Grant Title:   Outcome Predictors in Severe Burn Injury
Team Members:   David Herndon; Marc Jeschke; Bruce Luxon; Allan Brasier; Celeste Finnerty; Heidi Spratt; Hyunsu Ju; Gabriela Kulp

 Abstract
A severe burn injury induces marked hypermetabolic and inflammatory responses effectuating dramatic protein degradation that compromises the function of multiple organ systems. Impaired organ function frequently results in multi-organ failure (MOF), the leading cause of mortality in burn patients. Although we can diagnose a burned patient in MOF, no reliable predictors or biomarkers have been found to determine which burn patients are at risk. Identification of accurate biomarkers for susceptibility to MOF would greatly improve burn patient treatment and outcome by allowing individualized treatment. Early identification of patients with a high probability of developing MOF would indicate that normal preventative treatment is not sufficient and that the patient would instead require aggressive prophylactic measures to decrease the likelihood of developing and succumbing to MOF. To date, all studies using conventional techniques have unsuccessfully focused on using the expression of single proteins to predict outcome. We hypothesize that severely burned patients at risk of dying from MOF have distinct proteomic and genomic profiles that, once identified, will allow us to identify the at-risk patients. Our hypothesis will be tested in two specific aims. In specific aim 1, we will apply classification methods to our set of microarrays to identify genomic expression patterns in white blood cells that are associated with mortality and MOF. In specific aim 2, we will apply quantitative differential proteomics to archived serum to identify patterns of protein expression that are associated with mortality and MOF. Statistical modeling will identify expression patterns and profiles that correlate with the main outcome trajectories MOF and death.

 

 Grant Title:    Muscle Aging and Sarcopenia        
Team Members:  Elena Volpi; Micah Drummond; James Goodwin; Glenn Ostir; Ken Ottenbacher; Doug Paddon-Jones; Elizabeth Protas

 

Abstract
Loss of lean body mass and decreasing muscle strength (sarcopenia) are significant contributing factors to decline in function and loss of independence in older adults. We have developed a comprehensive understanding of the role of essential amino acids and physical activity in muscle metabolism and protein synthesis in healthy older adults.  Our research team is now ready to begin translating these findings by developing and testing interventions in clinical geriatric populations.   
The goal of this MTT is to identify novel biomarkers of loss of muscle mass and function and test interventions to improve function and independence in older adults.  Inactivity is probably one of the major contributors to sarcopenia contributing to functional loss in hospitalized older patients.
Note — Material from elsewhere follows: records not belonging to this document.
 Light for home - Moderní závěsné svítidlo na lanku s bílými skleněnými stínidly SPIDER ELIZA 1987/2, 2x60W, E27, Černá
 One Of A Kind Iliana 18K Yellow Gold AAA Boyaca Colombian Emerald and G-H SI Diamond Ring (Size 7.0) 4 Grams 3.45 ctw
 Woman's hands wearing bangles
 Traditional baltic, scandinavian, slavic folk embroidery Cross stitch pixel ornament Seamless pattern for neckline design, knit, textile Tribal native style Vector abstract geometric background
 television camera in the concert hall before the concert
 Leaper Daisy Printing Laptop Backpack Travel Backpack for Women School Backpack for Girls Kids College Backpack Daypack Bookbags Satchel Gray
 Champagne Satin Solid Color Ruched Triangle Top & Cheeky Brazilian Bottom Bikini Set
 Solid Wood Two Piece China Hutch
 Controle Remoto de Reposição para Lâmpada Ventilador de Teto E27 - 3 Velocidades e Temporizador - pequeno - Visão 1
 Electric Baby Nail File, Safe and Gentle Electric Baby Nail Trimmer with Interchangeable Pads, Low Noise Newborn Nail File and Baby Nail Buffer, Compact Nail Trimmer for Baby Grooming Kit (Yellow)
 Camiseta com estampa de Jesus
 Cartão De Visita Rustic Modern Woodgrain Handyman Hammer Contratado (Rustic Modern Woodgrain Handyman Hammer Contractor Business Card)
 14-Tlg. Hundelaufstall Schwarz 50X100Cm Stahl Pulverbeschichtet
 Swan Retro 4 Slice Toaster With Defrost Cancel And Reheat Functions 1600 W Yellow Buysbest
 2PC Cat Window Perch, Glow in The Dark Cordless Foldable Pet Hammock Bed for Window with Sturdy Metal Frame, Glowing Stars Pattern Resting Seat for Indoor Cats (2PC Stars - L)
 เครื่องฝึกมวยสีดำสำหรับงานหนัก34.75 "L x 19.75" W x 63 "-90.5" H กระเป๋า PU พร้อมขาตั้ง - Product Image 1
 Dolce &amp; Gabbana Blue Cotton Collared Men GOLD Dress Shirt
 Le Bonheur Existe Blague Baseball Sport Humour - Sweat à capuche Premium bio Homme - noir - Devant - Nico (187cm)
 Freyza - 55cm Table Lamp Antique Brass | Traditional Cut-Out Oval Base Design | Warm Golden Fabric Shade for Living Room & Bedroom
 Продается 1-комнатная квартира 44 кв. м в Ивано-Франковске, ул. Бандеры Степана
Our hypothesis is that markers of skeletal muscle catabolism can be detected in blood. However, overlapping disease processes can be powerful confounders, thus, in our first study, we will begin the biomarker discovery process in a controlled experiment utilizing a well characterized model of inactivity-driven muscle loss: bed rest. In this pilot study we will address the following specific aims in middle-aged subjects studied before and at the end of one week of bed rest with or without intensive rehabilitation:

1. To identify tissue molecular, metabolic and functional outcome measures associated with muscle loss during inactivity
2. To identify blood biomarkers that correlate with the tissue molecular, metabolic and functional measures of muscle loss

The results of this study will allow us to discovery potential biomarkers of sarcopenia and functional loss and subsequently extend our findings to selected patient populations.